En premier Lui le LFO, où l’épopée christique du retour fracassant du duo au-devant de la scène. Une musique sans complexe, élémentaire, dévoué au rythme et à la mélodie. LFO avait rédigé la genèse du mouvement techno avec Frequencies, ils sont en passe d’en écrire le (magnifique) testament avec ce …. Indispensable.

Lazyfish + Alexandroide OS (K²0/import) est un exercice de style extrêmement fragile et dansant qui utilise avec bonheur le Theremin, installant des ambiances Ed Woodienne sur lesquelles se dressent des défectuosités rythmiques proches des franges Autechre / Brothomstates / Ko-wreck technique / Crunch. Le duo se permettant quelques superbes passages d’ambient aquatique. Ça donne à la fois dans la nostalgie et l’anticipation ; c’est ancré dans le passé et l’avenir. Très bon.

> Ce sur quoi vous pouvez jeter une oreille désinvolte...

Scala On the rocks (PIAS) dans un tout autre genre, mets en scène à la faveur d’une chorale d’enfants quelques grands standards récents de la musique populaire parmi lesquels l’incontournable Kylie Minogue, mais aussi Garbage, Nirvana, Depeche Mode, Radiohead, Police ou Muse… sans pour autant être génial, on se prend à essayer de reconnaître les aires qui ont bercé nos radios, avec des reprises quelquesfois bien maitrisé (Smell like teen spirit) A découvrir.

Christ métamorphique reproduction miracle (Benbecula/La baleine) pour sa part dispense une Deep House suave, qui opère quelques variations électroniques et autres recherches formelles sur la microtonalité et les pulsations. Des morceaux comme “Odds, evens and primates”, “Fantastic light” ont la même belle teneur qu’un Boards of Canada… même si CMRM reste un peu plus brouillon. Mais de très bonnes choses, tout de même.
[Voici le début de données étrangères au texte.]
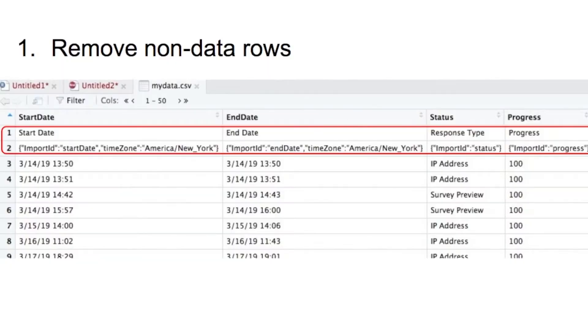The first scenario is about non-data rows. In my example, I will need to remove the first two rows from the data as they are variable names and labels rather than data.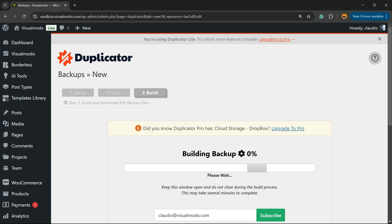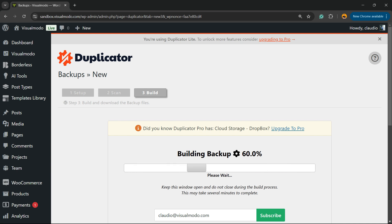Now we are building the backup. Normally it can take something like three to five minutes, depending on your server speed and the amount of content your website has. I will not cut the video so you can see how much time the process takes, but feel free to jump ahead if needed.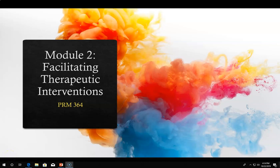Welcome to Module 2. This module will cover the concepts of facilitating therapeutic interventions. The topics discussed in this presentation are designed to supplement your reading and module activities, highlighting the following subjects: interprofessional teams, therapeutic relationships, facilitation techniques, interventions, and modalities.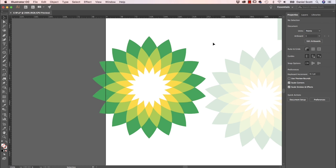That is how to redraw the flower from the BP logo using Adobe Illustrator. We learned how to use the Curvature tool to change those points from curves to corners, used the Shape Builder tool to smash it all into pieces, and used the Direct Selection tool to clean up all the junk in the middle. That is it for this video — I will see you in the next one.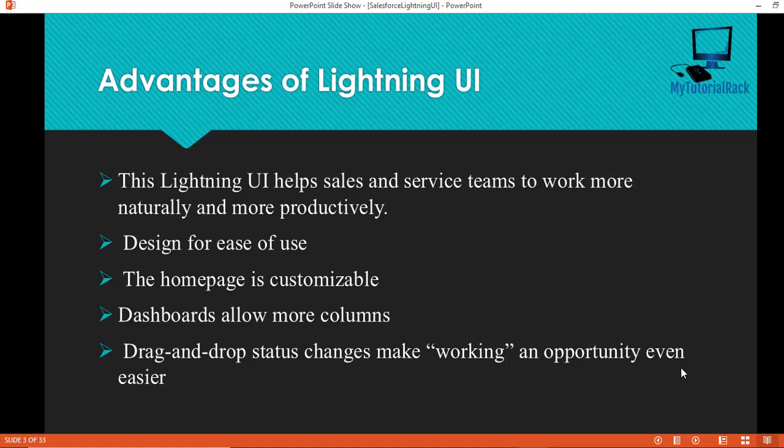You might be wondering why Salesforce introduced this Lightning UI when the Classic UI already existed. The main reason is that a lot of sales and service teams were using the Salesforce mobile app to book appointments, create contacts, track opportunities, and so on. So they decided: if teams are using the mobile app for most of their everyday tasks, why not move that mobile experience to the desktop? That's how the Lightning UI came into existence, because the look and feel of mobile is very similar to the Lightning UI, and it helps sales and service teams work more productively and get things done faster.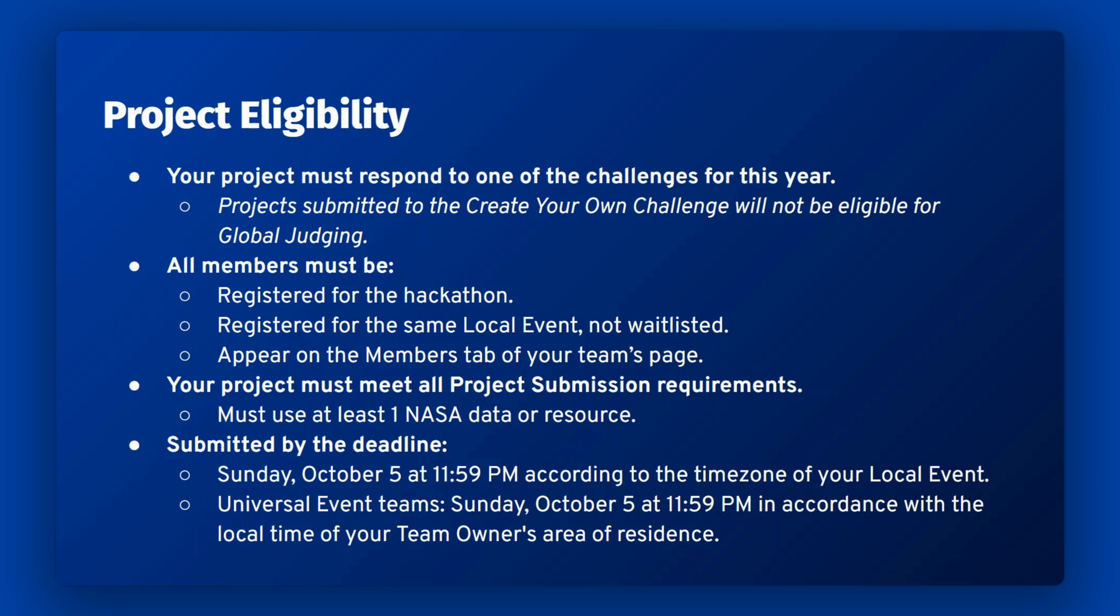There is an exception. If your team chooses to create a video for the project demo, you can speak in another language. However, you must include English language subtitles.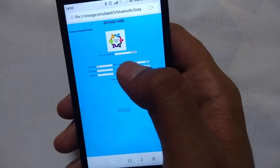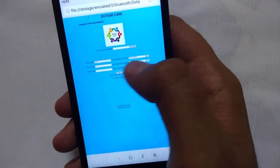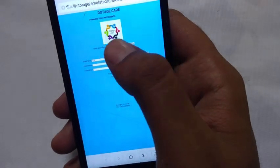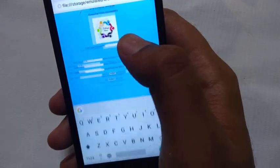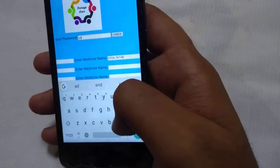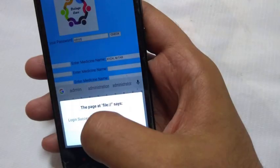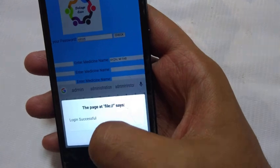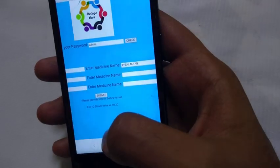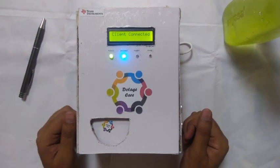This is the UI of the dotesca system. The name of the medicine and the time is provided in the respective boxes. As we enter the default password, that is admin, and press the check button, the data is submitted and the dotesca system is ready to be used.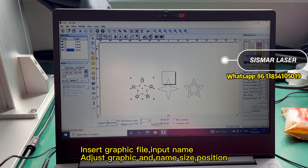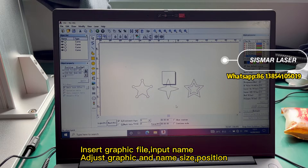Insert graphic file, input name, adjust graphic and name size, position.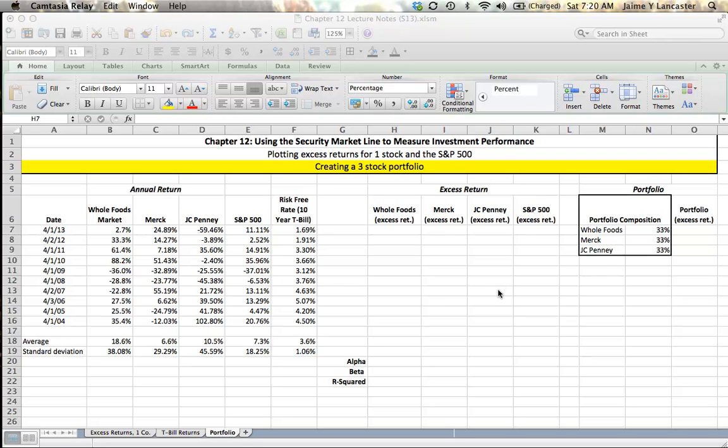Hi, welcome to Chapter 12, Using the Security Market Line to Measure Investment Performance. In this tutorial, we're going to look at annual return data for three companies and the S&P 500. We're going to compare those to the risk-free rate as measured by a 10-year Treasury bill, and calculate excess returns to put together a portfolio containing a third of each stock. We'll see how that portfolio compared against the S&P 500 on a risk-adjusted basis.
Réputé pour ne porter qu’un intérêt relatif aux compilations de tout poil, je dois pourtant admettre que Brazilectro Latin flavoured club tunes session 5 (Audiopharm/PIAS) pour ultra commerciale et marchande que soit sa démarche, diffuse nombre de jolies envolées exotique ; pêle-mêle Marcos Valle, Nicolas Conte, cette reprise de Sunny par Eli Goulart, sans oublier Senôr Coconut, Nu tropic, Zimpala… des fruits importés, en provenance du monde entier savoureux et dépaysant. Une très bonne introduction aux Nu-latino sound  !

La Compilation Mitek process (Mitek/La baleine) si elle ne nous offre pas l’opportunité de renouer avec les climats subtils d’Andreas Berthling nous permet cependant de nous frotter à une gamme large d’artistes affiliés à une scène électro-ambient minimaliste, de laquelle s’échappe quelques électrons virulents tels que Sophie Rimhenden et ses gimmick Mirwais / Madonna, andreas Tilliander et son miami sound électro ou Dwayne Sodahberk, échappé un temps de la fratrie  "Tigerbeat6".
On notera également les belles prestations d’artistes moins connus, davantage obsédé par les vapeurs atmosphériques et l’électronique liminaire tel que Mikael Stavôstrand l’affectionne, (Johan Fotmeijir, Hakan libdo, joha Skugge). Un peu en dessous de nos espérances même si variété et éclectisme sont au rendez-vous.

Markus Guentner Audio Island (Ware records/La Baleine) Ware impose avec toujours plus de prodigalité des artistes qui associent ambient lascive et house itérative. Des champs et des vallons déjà  foulés plus que de raison, qui ont pourtant vu l’herbe repousser sous leur pas. Cette house ronde et chaleureuse égraine avec générosité les poncifs du genre. C’est efficace et entraînant, et d’ailleurs, peut-on en demander davantage à ce style… Une valeur sûre pour les adeptes du genre.